**EXERCISE DIRECTIONS:** Transcribe the whole listing without a single picture.

**SUPPLIED DATA:**
+===+
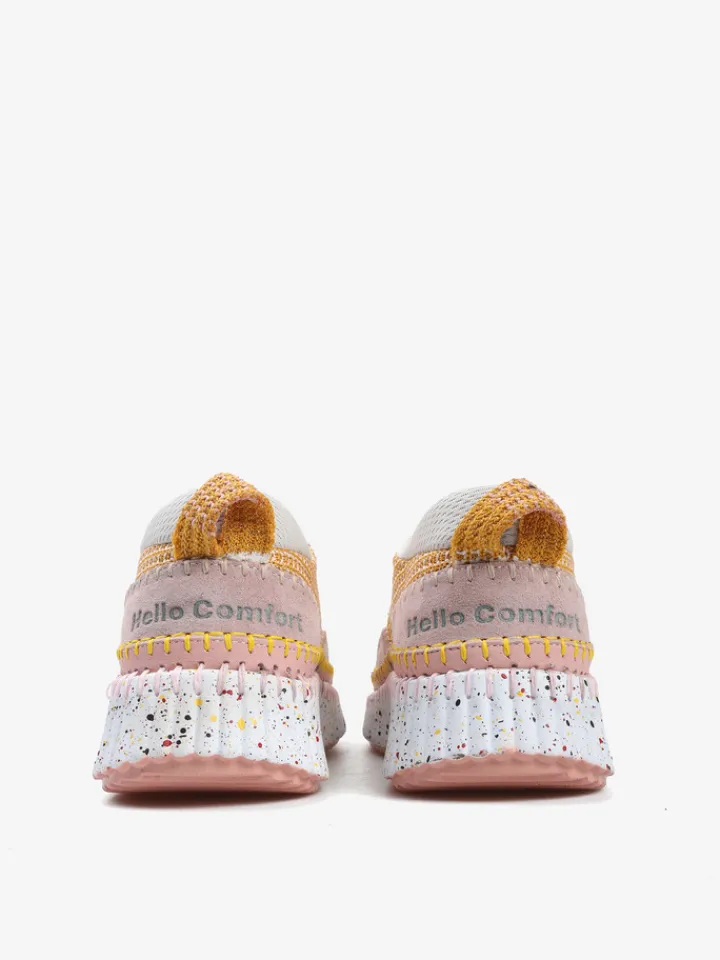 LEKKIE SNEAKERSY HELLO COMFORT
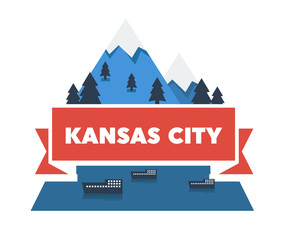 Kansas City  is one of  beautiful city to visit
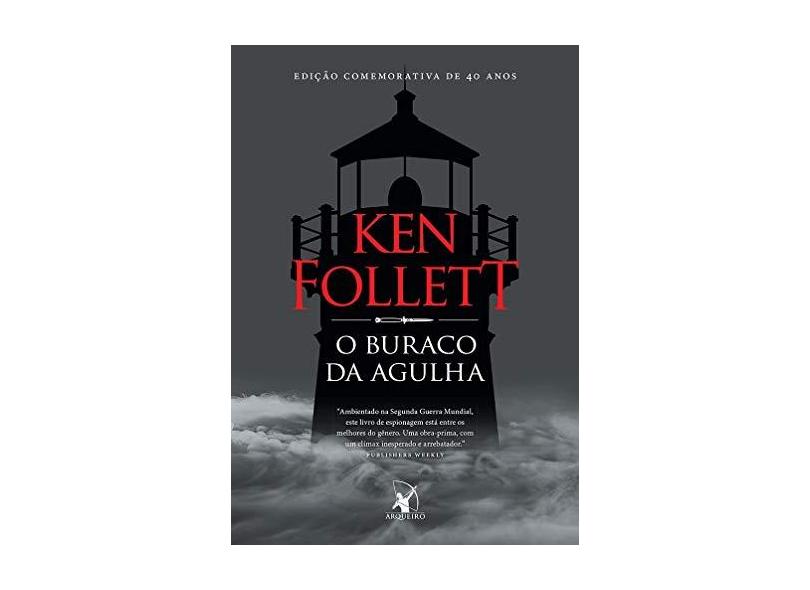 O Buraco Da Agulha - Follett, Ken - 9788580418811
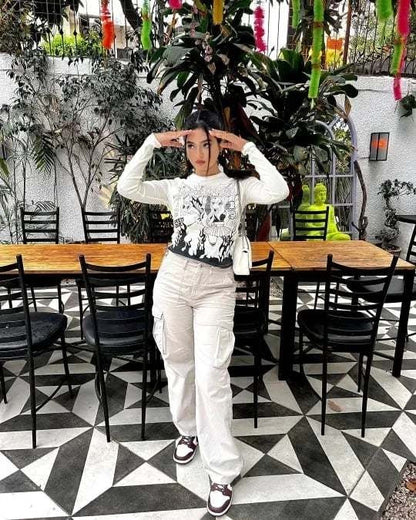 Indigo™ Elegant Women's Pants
+===+
**ANSWER TO THE PROBLEM:**
 LEKKIE SNEAKERSY HELLO COMFORT
 Kansas City  is one of  beautiful city to visit
 O Buraco Da Agulha - Follett, Ken - 9788580418811
 Indigo™ Elegant Women's Pants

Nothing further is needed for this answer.